Per e-mail van 7 juni 2019 bericht de secretaris-generaal van VROMI aan Shipyard dat
“(…) the Council of Ministers has taken an interest in this case and have requested to peruse the draft agreement. I have forwarded this to the CoM, but have not yet received any response on it. (…)”
2.16.
Namens Shipyard wordt bij brief van 25 juli 2019 aan de Raad van Ministers gevraagd om de concept overeenkomst toe te zenden. Op 13 augustus 2019 meldt de secretaris-generaal dat het Land kijkt naar de mogelijkheid van een huurovereenkomst tussen de luchthaven en Shipyard. Op 6 september 2019 wordt door de secretaris-generaal medegedeeld aan Shipyard dat de nieuwe Minister van VROMI naar de zaak kijkt.
2.17.
De Staten van Sint Maarten nemen op 13 augustus 2019 een motie aan met de volgende inhoud:
  • “That Shipyard NV to which Mr. Michael Ferrier claimed in his letter of March 26th 2019 he is a shareholder and director owes the government over a million guilders and he needs to go pay.

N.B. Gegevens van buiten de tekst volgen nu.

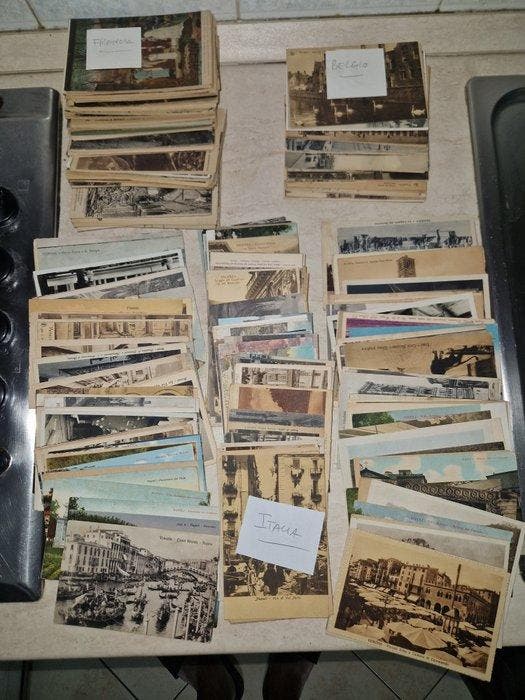 Italië, Frankrijk, België - Doos met 454 ansichtkaarten,, Verzamelen, Postkaarten | Buitenland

  • That the former Minister of Finance has attempted to make use of his former position as Minister and current relationship to the current government to, by means of his letter dated March 26th, to strong-arm the Minister of VROMI to pull back his decision to cancel the lease of the Shipyard N.V., which is in violation of article 2:185 of the penal code regarding false impersonation.”
2.18.
Bij brief van 8 november 2019 van de Minister aan Shipyard wordt onder andere het volgende medegedeeld aan Shipyard [6] :
“It is my decision to no longer entertain any discussions to extend the right of long lease to [Shipyard], Francisco Samson, [Shanny] and [Duzanson]. The Government will retake ownership of the parcels for the benefit of the Ship Salvaging Project and will proceed with the collection of the long lease fees. In light of the fact that rights of long lease of the parcels expired on September 21, 2018, as well as the fact that you were informed on January 4, 2019 and March 21, 2019 that the rights of long lease were considered to be expired as per article 5:98 Civil Code, you are currently occupying the parcels without right or legal title. As mentioned, the parcels should have been made available to the Minister three months after expiry of the rights of long lease.
(…)
Furthermore, you are considered to be in default regarding the payments of the annual long lease fees. In total an amount of NAf. 1.380.409,57 is currently outstanding. (…) You are requested – and in so far as necessary summoned – to pay the amount of NAf 1.380.409,57 ultimately within two weeks after today.”
2.19.
Bij brief van 16 december 2019 namens Shipyard [7] wordt de Minister gevraagd zijn standpunt te heroverwegen. Bij brief van 24 december 2019 laat de Minister weten dit niet van plan te zijn. Bij brief van 7 januari 2020 laat Shipyard weten dat zij de percelen niet zal ontruimen, tenzij de rechter haar daartoe veroordeelt. Bij brief van 23 april 2020 zegt VROMI de percelen zelf te gaan ontruimen. Na aankondiging van een kort geding deelt de Minister mede van de ontruiming af te zien in afwachting van de uitspraak van de rechter in deze procedure.
2.20.
In de brief van 23 april 2020 van de Minister wordt nog het volgende medegedeeld aan Shipyard:
“In any case [8] your clients are currently occupying the parcels without legal right or title and have to vacate. Article 18 under 11 of the Long Lease Ordinance states that in case there is no agreement to re-issue the right of long lease, the right of long lease will be freely available to Sint Maarten (in Dutch: ‘binnen drie maanden na beeindiging van het erfpachtrecht ter vrije beschikking van Sint Maarten worden gesteld’). As such, on the basis of this article the right of long lease became available freely to Sint Maarten three months after expiry (therefore on December 21, 2018). The rules of article 5:98 Civil Code are in fact more favorable to your clients, as it allows for additional time for your clients to remain on the parcels. Additionally, as per article 15 under a, the Minister can declare the right of long lease to have lapsed (in Dutch: ‘vervallen verklaard’) in case long lease fees are not paid within three months. It is abundantly clear that your clients have not paid any long lease fees for an extended period of time, far beyond the three months mentioned in this article, and as such the right of long lease of your clients is hereby declared to have lapsed, in so far as necessary.”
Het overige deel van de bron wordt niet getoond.